With pictures left out, output word for word the lines from the one containing "9539 Weldon Cir" through the end of the material below.

----

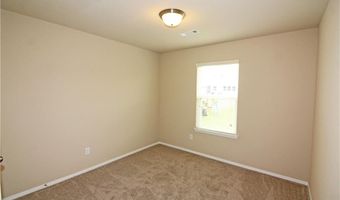 807 Green World St, Bentonville, AR 72712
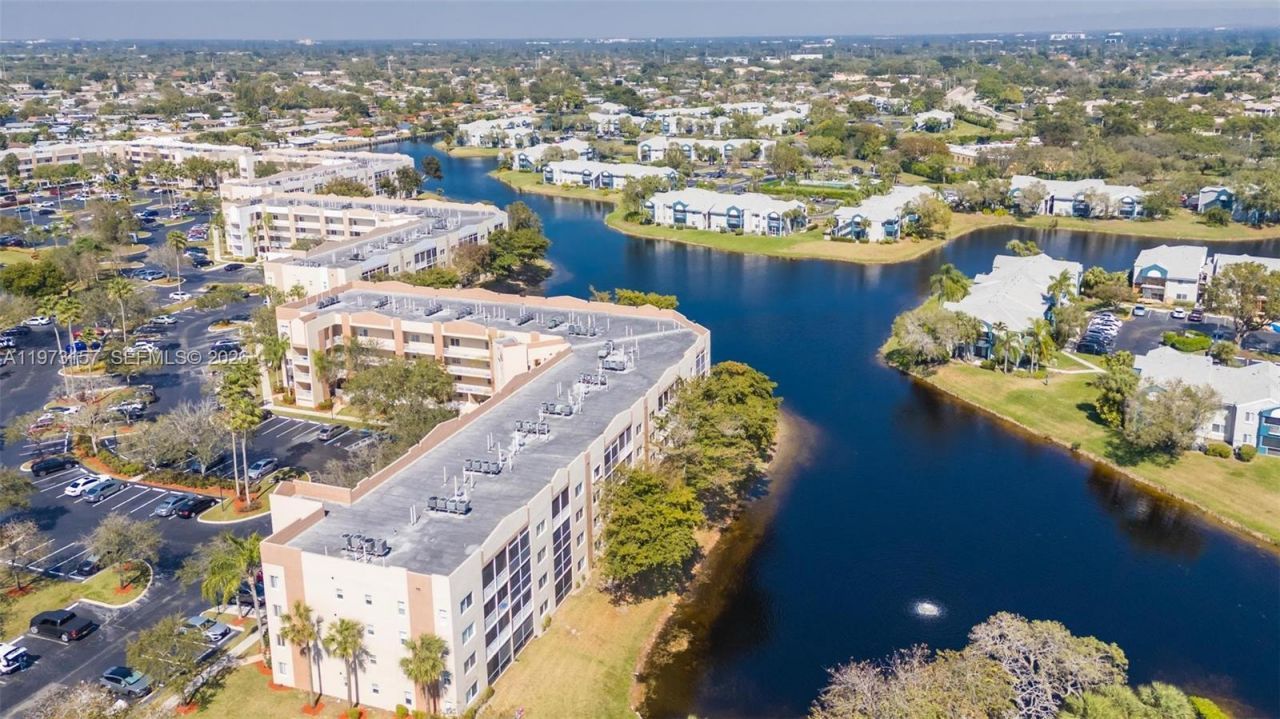 9539 Weldon Cir , Unit F214, Tamarac, FL 33321 Photo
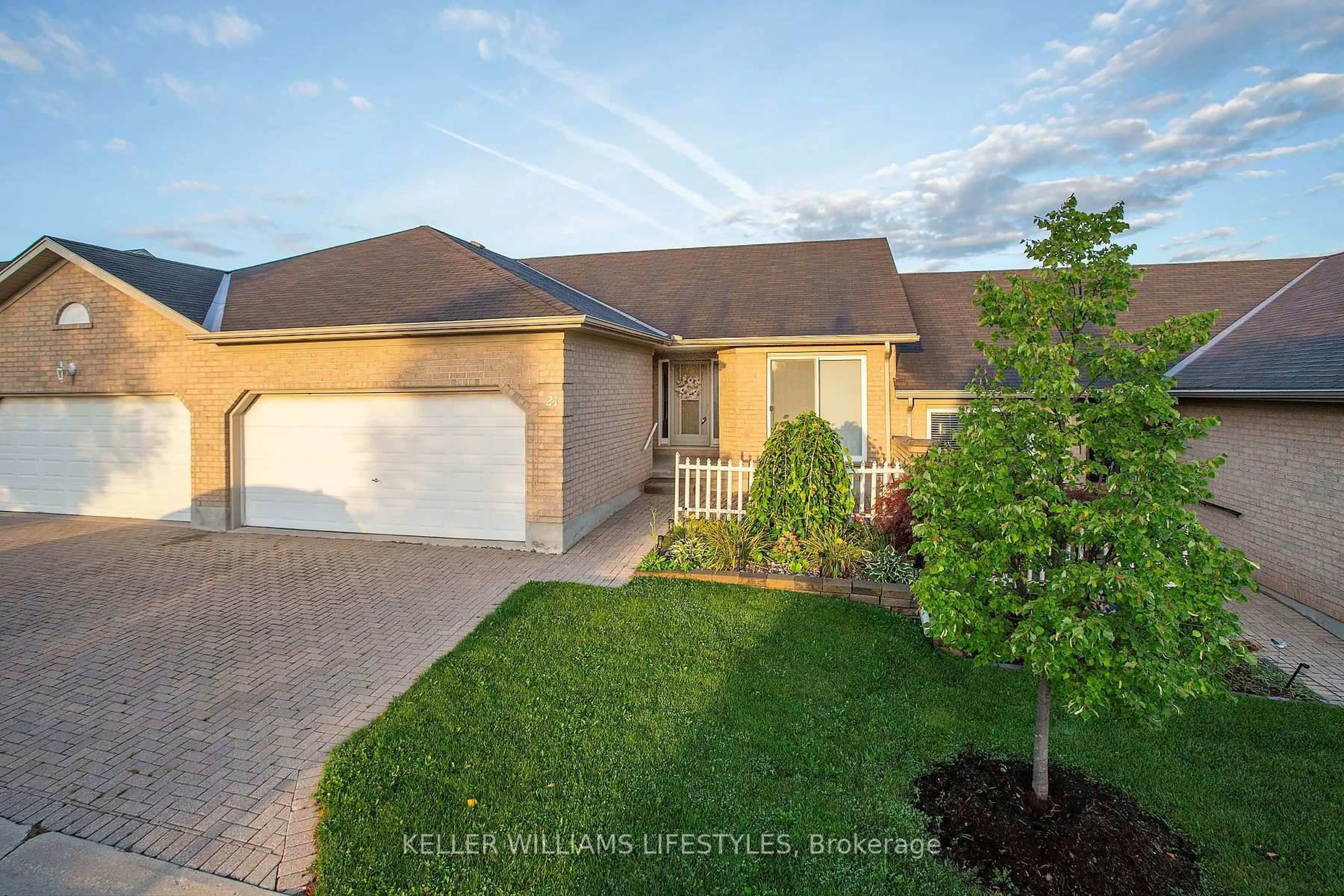 A pic from outside/outdoor area/front of a property/back of a property/a pic from drone, street for 861 Shelborne St #21, London South Ontario N5Z 5C5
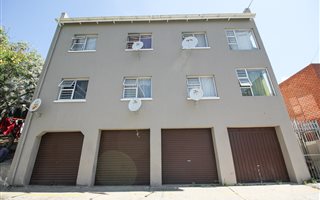 850 m² Commercial space in Richmond Hill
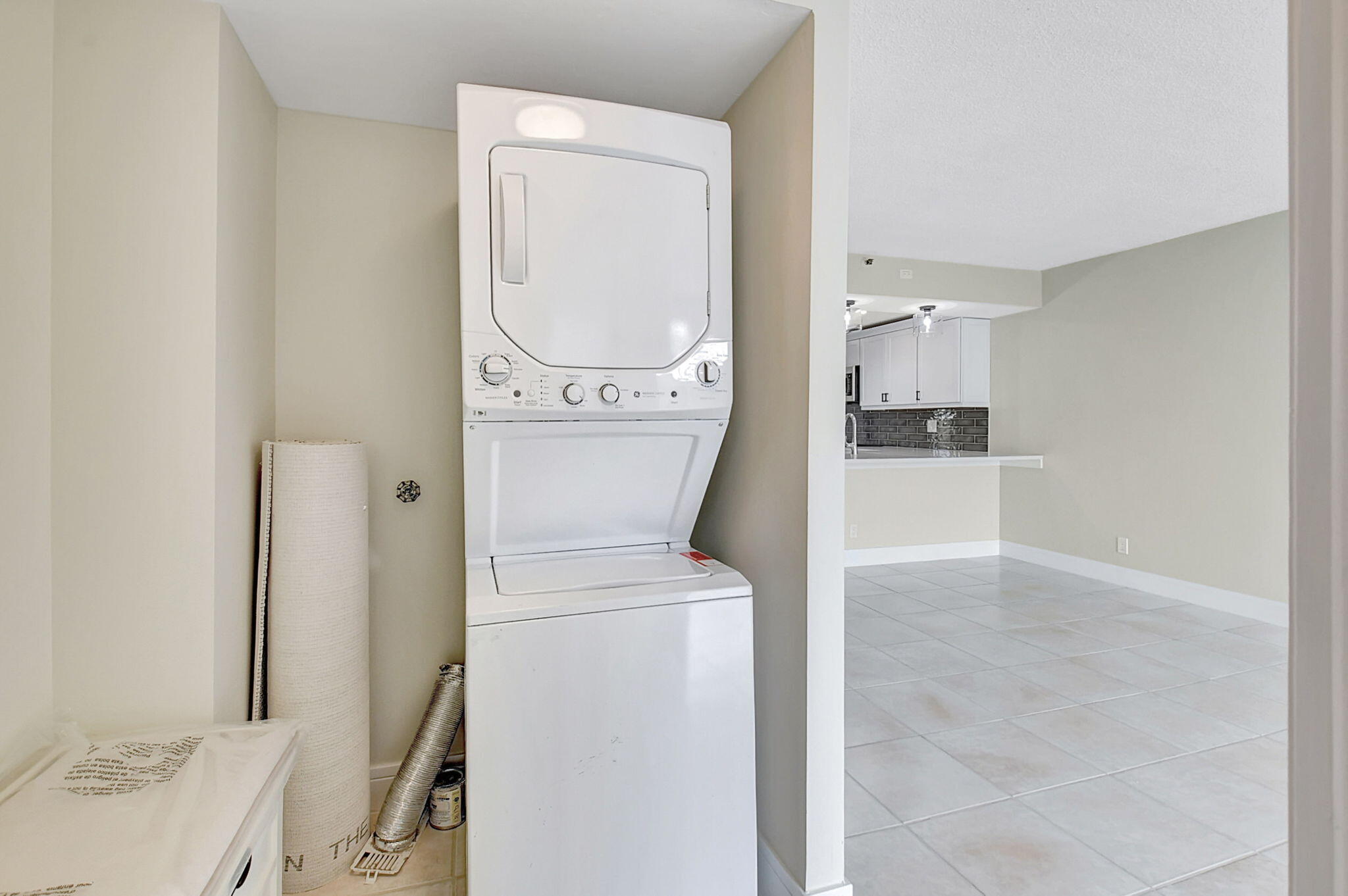 20 Royal Palm Way, Unit 505 Boca Raton, FL 33432 - Photo 25 of 53 Interior laundry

----

* **EXERCISE ANSWER**
 9539 Weldon Cir , Unit F214, Tamarac, FL 33321 Photo
 A pic from outside/outdoor area/front of a property/back of a property/a pic from drone, street for 861 Shelborne St #21, London South Ontario N5Z 5C5
 850 m² Commercial space in Richmond Hill
 20 Royal Palm Way, Unit 505 Boca Raton, FL 33432 - Photo 25 of 53 Interior laundry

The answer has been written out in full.